I use a simple layout routine that draws all graphs in a tree format.
Cycles within the graph are handled by either duplicating a node that
starts a cycle, or by drawing lines across the tree structure. Although
I can't distribute my software (IBM's rules), Gabe Robins at ISI devised
a similar browser that he sells for about $150. His browser is called
the "ISI Grapher," and it uses the same algorithm that I use.
I'm sorry that I can't include the algorithm here -- Gabe, on the other
hand, details the algorithm on pages 24 and 25 of the ISI Grapher
manual. You can obtain the manual by writing to Gabe at
Information Sciences Institute
The Intelligent Systems Division
4676 Admiralty Way
Marina Del Rey, California 90292-6695
In your letter you also said that you wanted an algorithm that "should
strive to minimize edge crossings and edge lengths and also handle
manhattan routing." Such an "optimal layout" algorithm for an arbitrary
graph would probably take much more power than the Symbolics can offer.

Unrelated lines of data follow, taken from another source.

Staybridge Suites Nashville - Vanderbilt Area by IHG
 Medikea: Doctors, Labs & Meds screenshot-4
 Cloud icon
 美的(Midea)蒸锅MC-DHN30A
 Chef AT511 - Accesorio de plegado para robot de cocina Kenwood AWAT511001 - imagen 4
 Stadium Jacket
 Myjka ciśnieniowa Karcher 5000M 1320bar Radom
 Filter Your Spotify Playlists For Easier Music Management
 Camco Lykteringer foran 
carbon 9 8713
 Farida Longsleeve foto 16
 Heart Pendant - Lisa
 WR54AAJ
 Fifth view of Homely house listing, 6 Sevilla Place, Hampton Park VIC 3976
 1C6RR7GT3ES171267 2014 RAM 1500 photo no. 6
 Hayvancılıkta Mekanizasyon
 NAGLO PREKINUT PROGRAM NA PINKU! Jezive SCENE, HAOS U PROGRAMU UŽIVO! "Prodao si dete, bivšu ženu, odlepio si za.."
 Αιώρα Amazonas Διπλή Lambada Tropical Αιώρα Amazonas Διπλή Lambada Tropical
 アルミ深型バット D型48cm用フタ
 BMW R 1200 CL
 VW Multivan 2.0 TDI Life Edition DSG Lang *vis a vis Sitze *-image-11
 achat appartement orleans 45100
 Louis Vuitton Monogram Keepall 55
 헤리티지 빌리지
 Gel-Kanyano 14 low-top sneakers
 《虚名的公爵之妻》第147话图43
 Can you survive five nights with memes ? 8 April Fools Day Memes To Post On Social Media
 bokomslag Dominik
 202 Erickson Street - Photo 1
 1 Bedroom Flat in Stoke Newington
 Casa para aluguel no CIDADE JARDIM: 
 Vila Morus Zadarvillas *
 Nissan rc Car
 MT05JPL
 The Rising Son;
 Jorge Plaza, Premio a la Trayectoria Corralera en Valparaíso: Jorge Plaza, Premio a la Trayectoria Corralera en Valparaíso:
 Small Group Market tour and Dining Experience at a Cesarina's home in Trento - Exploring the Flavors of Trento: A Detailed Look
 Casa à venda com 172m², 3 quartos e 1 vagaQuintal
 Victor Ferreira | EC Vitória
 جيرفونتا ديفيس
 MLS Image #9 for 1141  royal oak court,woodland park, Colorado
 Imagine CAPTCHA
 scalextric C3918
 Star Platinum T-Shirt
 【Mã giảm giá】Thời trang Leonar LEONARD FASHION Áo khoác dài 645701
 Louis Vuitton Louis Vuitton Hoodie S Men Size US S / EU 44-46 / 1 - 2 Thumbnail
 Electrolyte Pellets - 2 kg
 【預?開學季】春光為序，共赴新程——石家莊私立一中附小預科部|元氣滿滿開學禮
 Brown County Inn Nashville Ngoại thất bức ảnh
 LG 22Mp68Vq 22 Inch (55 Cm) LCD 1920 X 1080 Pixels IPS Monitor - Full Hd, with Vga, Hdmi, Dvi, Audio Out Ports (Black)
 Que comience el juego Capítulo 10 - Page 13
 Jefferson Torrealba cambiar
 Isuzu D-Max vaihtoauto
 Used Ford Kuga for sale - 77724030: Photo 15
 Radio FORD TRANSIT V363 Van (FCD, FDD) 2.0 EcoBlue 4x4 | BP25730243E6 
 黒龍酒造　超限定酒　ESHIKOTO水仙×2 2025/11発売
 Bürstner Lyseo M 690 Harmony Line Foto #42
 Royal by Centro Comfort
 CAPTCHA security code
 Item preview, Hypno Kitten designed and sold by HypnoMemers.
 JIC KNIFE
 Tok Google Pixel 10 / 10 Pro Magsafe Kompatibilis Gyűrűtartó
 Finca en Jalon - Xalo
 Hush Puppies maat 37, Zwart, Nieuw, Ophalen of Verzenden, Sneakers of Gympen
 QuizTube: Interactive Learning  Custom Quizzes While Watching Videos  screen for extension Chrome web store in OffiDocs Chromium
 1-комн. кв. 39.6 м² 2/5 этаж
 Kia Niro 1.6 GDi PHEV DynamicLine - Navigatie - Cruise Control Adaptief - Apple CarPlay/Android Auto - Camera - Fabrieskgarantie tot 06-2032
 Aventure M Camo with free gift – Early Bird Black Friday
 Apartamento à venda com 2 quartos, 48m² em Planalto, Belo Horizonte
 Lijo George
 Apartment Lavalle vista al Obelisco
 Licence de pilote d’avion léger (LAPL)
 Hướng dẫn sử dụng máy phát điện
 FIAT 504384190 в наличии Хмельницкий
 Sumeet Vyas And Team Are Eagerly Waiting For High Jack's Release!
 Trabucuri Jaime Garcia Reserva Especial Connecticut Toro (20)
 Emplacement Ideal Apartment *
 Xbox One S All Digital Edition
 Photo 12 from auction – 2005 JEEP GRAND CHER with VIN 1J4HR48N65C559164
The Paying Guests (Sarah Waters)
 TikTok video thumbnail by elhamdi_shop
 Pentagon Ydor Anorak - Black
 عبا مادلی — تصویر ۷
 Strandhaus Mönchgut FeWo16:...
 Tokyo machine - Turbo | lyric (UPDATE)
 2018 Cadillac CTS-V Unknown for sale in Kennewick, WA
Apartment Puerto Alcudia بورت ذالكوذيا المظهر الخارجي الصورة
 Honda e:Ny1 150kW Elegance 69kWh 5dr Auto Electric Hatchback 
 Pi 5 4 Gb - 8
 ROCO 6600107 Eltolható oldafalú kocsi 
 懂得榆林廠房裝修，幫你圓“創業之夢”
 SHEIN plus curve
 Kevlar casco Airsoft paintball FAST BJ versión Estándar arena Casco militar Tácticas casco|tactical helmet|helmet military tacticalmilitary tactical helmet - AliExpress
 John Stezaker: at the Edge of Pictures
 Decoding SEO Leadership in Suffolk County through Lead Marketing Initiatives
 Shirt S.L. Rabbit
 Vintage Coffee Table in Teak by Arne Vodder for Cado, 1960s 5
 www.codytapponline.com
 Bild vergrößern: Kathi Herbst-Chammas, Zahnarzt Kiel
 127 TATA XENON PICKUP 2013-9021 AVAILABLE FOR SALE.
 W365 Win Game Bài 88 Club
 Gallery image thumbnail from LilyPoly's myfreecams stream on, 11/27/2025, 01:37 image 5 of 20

You might have better luck devising a special-purpose algorithm for your
own directed graphs; most layout routines take advantage of some aspect
of the underlying graph structure. For example, I chose a tree layout
since my graphs have few cycles; that may or may not be useful to you.
If you have a highly interconnected graph, you might want to contact the
VLSI group at MIT and ask them about their layout algorithms.